Thereafter, the remaining 75% of the straightened extract (30% of the total extract leaves the extraction zone) was fed into the cell from the bottom to complete the prefill.

The extract monitored immediately prior to stripping was observed to contain substantially less entrained granular coffee solids than the corresponding extract of Example 1.

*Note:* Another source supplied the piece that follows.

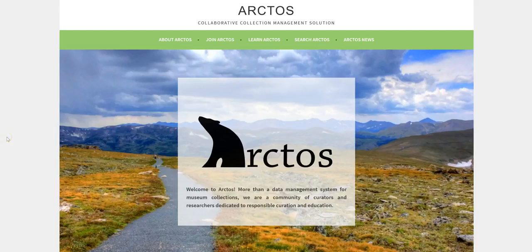This tutorial will introduce you to the Arctos data repository and is intended for those who are not using Arctos as a collection management system. Arctos is a consortium of museums that collaborate to serve data from both natural and cultural history collections. While Arctos is a publicly searchable database, it is also the collection management system for the institutions in the consortium. Data from Arctos may also be served through data aggregators such as VertNet, SciNet, iDigBio, or GBIF.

This desirable reduction in particulate content was due to the lower tendency of most of the top-filling coffee in the downflow cells in the extraction zone to be driven out of the cells by the effluent extraction medium.

Claims (1)

Claims: 1. A coffee extract is obtained by passing an aqueous medium in countercurrent through an extraction zone containing at least three connected cells containing roasted and ground coffee, the cells of this extraction zone being continuously During the brewing cycle, the coffee-containing end cell that is almost used up is removed, and a new coffee-containing cell is added to the opposite end to effect extraction of the brew; A method for producing a coffee extract, characterized in that the cell containing fresh coffee is filled with an aqueous coffee infusion before adding the cell to the extraction zone, whereby the extract flows continuously from the extraction zone. Manufacturing method. 2 Approximately 10 to 5 minutes of coffee aqueous infusion to fill the cell
2. The method of claim 1, wherein 0% is added to the top of the cell and the remainder of the aqueous infusion is then introduced into the cell from the bottom. 3. The method according to claim 1 or 2, wherein the aqueous coffee infusion liquid charged into the cell containing fresh coffee comprises coffee extract. 4. The method of claim 3, wherein the cells containing fresh coffee are filled at a substantially constant rate during one complete brewing cycle. 5. The method of claim 4, wherein the cell is filled, held in the filled state for at least a portion of the cycle, and then added to the extraction zone. 6. Claims comprising a brewing liquid in which the brew produced in the brewing zone is divided into two parts, the first part containing beverage material, and the second part introducing and filling a cell containing fresh coffee. The method according to item 3, item 4, or item 5. 7. The method according to claim 6, wherein the first and second portions are successively divided from the total extract. 8. The method of claim 6, wherein the second portion containing the infusion solution is separated from the extraction solution only after 70% of the draw-off of each cycle has been obtained. 9. Transferring the first portion to a stripping zone for separation of coffee volatiles, concentrating the resulting strip extract, mixing the separated coffee volatiles, and drying the mixture. the method of. 10. The separated coffee volatiles mixed with the first portion of the extract after the draw-off cycle consist of the extracted volatiles from the first 70% of the extract of the draw-off cycle. the method of. 11. A method according to any one of claims 1 to 10, wherein the infusion liquid filling the cells containing fresh coffee comprises coffee extract substantially stripped of coffee volatiles.